Statistics Flashcards
Skewness and Extreme Values
- Skewness depends on extreme values.
Skewed Right and Income
- In a skewed right distribution, extreme high values pull the mean to the right.
- The average income in the US is around 55,000.
- The top 1% of income earners make \$250,000 or more per year.
- Most people in this country are in the top 1% globally.
Uniform Distribution
- All outcomes are equally likely (e.g., rolling a single die).
- Each number on a die has a 1/6 chance of being rolled.
- Uniform distributions are rare in nature.
Standardized Exams and Skewness
- Standardized exam scores (e.g., SAT) are typically skewed to the right.
- This is because there are always some people who do not study and score poorly.
Dice Experiment
- Two fair dice are thrown 100 times.
- Pips are the dots on the dice.
- A frequency histogram records the sum of the pips.
Analyzing the Histogram
- The most frequent outcome is determined from the highest bar.
- Analyzing the graph requires understanding how information is laid out.
- The difference between two numbers is found by subtracting.
Percentage Calculation
- To determine the percentage of time a three was observed:
- A three was observed 5 times.
- Percentage = (Part / Whole) * 100
- Percentage = (5 / 100) * 100 = 5\%
Conversions
- Convert decimals to percentages and percentages to decimals.
- Convert a fraction to decimal or decimal to fraction is not covered in this class.
Histogram Shape
- The shape of the histogram in this experiment is close to bell-shaped.
Measures of Central Tendency
Average (Mean)
- The average can be calculated as the sum of all data points divided by the number of observations.
- For example, average test grade: (80 + 90 + 70 + 85 )/ 4
- This specific type of average is called the arithmetic mean.
- Population mean is represented by the symbol \mu.
- Formula: \mu = \frac{\sum xi}{N}, where \sum xi is the sum of all values and N is the number of values.
Median
- The median is the middle value in a dataset sorted from least to greatest.
- If the dataset is: 1, 2, 3, 4, 5, the median is 3.
Even Number of Data Points
- When there is an even number of data points, take the two middle numbers and find their average.
Mean vs. Median
- If the dataset has extreme values, the mean can be significantly affected.
- The mean is sensitive to extreme values; the median is resistant (stubborn).
- If data is symmetric/bell-shaped, the mean is a better representation.
- If data is skewed, the median is a better representation.
Examples
- Household income: Median is better due to the influence of extremely high incomes.

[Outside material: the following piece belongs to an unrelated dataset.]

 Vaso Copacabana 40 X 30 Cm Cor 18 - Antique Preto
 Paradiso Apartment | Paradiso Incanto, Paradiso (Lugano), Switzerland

- Height of adult males: Mean is suitable because it is bell-shaped.
- Crime rates in cities: Likely skewed due to disparities.
Natural Processes
- Height of adult males, number of eggs a chick lays, weight of infant newborns are bell-shaped.
- The distance of the electron to the proton in an atom has a bell-shaped distribution.
Mode
- Mode is the value that appears most frequently in a dataset (highest repetition).
- Best used for qualitative data.
Examples
- Streaming services used the most.
- Soda people drink the most.
- Cars people drive.